Generated edge workers call `client.publish_alert(..., workflow_uuid=WORKFLOW_UUID, workflow_node_uuid=..., workflow_execution_uuid=...)`. The SDK forwards `workflow_uuid` as a top-level field (sets the FK) and merges `workflow_node_uuid` / `workflow_execution_uuid` into `metadata` for full provenance.

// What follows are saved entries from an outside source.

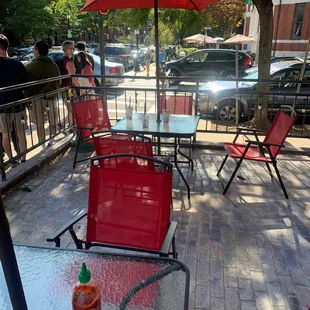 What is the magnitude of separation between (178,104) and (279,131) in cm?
190

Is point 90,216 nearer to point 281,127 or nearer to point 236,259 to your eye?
point 236,259

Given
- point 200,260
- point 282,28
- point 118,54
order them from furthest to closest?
point 282,28
point 118,54
point 200,260

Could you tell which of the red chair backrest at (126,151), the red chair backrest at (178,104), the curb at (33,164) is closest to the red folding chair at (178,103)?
the red chair backrest at (178,104)

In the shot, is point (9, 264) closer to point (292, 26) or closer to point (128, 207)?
point (128, 207)

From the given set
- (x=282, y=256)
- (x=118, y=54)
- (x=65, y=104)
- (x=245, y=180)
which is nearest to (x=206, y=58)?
(x=118, y=54)

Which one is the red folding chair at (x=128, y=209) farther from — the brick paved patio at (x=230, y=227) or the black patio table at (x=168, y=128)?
the black patio table at (x=168, y=128)

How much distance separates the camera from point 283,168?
4891 millimetres

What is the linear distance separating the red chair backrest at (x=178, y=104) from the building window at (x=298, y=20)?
2380 cm

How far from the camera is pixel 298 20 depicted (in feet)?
82.5

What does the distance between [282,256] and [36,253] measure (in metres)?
2.15

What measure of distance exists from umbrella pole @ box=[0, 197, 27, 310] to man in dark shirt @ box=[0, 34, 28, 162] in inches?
143

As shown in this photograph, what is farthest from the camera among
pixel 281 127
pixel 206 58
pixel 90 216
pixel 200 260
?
pixel 206 58

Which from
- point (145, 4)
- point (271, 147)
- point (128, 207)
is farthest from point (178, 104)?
point (128, 207)

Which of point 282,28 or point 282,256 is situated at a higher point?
point 282,28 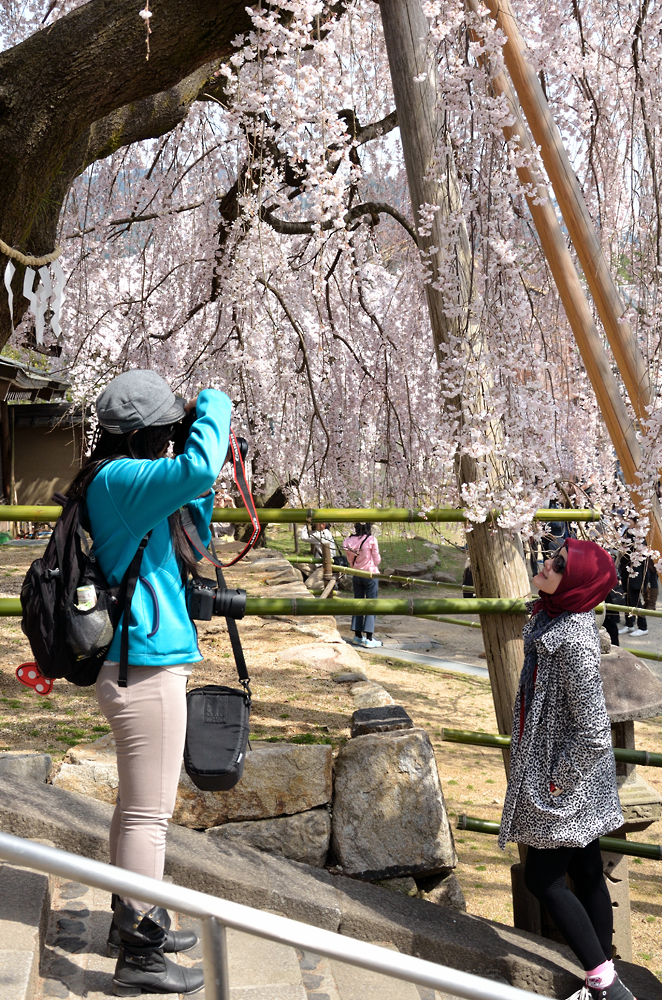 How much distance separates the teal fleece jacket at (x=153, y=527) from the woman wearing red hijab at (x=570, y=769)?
3.82 feet

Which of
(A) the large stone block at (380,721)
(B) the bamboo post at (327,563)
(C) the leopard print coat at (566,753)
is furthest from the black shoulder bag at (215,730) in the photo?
(B) the bamboo post at (327,563)

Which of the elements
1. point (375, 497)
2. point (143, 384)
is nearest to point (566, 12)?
point (143, 384)

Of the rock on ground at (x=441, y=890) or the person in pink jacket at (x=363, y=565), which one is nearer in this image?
the rock on ground at (x=441, y=890)

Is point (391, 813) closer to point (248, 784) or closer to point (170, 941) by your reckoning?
point (248, 784)

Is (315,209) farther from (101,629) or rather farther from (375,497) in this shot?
(375,497)

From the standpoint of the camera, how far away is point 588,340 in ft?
8.13

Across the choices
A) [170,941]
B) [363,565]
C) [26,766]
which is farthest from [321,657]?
[170,941]

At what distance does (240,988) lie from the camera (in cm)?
106

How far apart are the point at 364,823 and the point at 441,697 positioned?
4.12 meters

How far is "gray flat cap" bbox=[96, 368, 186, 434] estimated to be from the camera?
6.51ft

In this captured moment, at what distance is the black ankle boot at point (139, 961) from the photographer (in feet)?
5.74

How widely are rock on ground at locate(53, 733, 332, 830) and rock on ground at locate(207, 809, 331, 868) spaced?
0.03 m

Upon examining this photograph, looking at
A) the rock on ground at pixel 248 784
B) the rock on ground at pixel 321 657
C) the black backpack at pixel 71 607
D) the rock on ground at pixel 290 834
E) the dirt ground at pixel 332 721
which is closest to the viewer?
the black backpack at pixel 71 607

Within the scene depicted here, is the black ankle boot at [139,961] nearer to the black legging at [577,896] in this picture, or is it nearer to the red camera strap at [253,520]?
the red camera strap at [253,520] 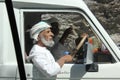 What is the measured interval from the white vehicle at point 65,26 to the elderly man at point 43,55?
0.38 feet

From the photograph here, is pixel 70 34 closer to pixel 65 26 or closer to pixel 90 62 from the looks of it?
pixel 65 26

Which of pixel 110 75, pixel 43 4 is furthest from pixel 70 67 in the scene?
pixel 43 4

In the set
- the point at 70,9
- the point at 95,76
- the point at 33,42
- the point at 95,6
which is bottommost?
the point at 95,6

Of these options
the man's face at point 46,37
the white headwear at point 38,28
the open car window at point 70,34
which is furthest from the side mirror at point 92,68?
the white headwear at point 38,28

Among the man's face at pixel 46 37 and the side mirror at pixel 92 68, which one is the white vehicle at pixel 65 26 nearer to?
the side mirror at pixel 92 68

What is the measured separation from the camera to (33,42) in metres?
4.98

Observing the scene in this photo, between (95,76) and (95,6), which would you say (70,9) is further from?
(95,6)

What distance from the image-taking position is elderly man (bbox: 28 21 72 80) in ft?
15.4

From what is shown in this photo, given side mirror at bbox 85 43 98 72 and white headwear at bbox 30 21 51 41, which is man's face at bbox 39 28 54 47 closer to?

## Source attribution: `metadata.source_chain`

<Warning>
  **STUB:** Behavior is implemented; this section will be expanded with screenshots and the full kind catalogue.
</Warning>

Every alert raised by a workflow's `send_alert` node carries an ordered `source_chain` under `metadata` describing each upstream node that fed into the decision. The chain is built generically — any node emitter that opts in by parking a `_source_summary` on its output dict contributes an entry, so the mechanism works equally well for camera-perception, audio-track, alert-triggered, manual, scheduled, or any future trigger source.

Each entry includes:

* `kind` — short identifier (`camera_frame`, `audio_track`, `alert_trigger`, `manual_trigger`, `schedule_trigger`, `call_model`, `detection_event_gate`, `conditional`).
* `node_uuid` — the workflow node that contributed the entry.
* Kind-specific fields. Examples: `twin_uuid` + `sensor` for camera/audio triggers; `model_uuid` + `model_name` + a capped `detections_sample` for `call_model`; `mode` + `matched_classes` + `cooldown_seconds` for `detection_event_gate`.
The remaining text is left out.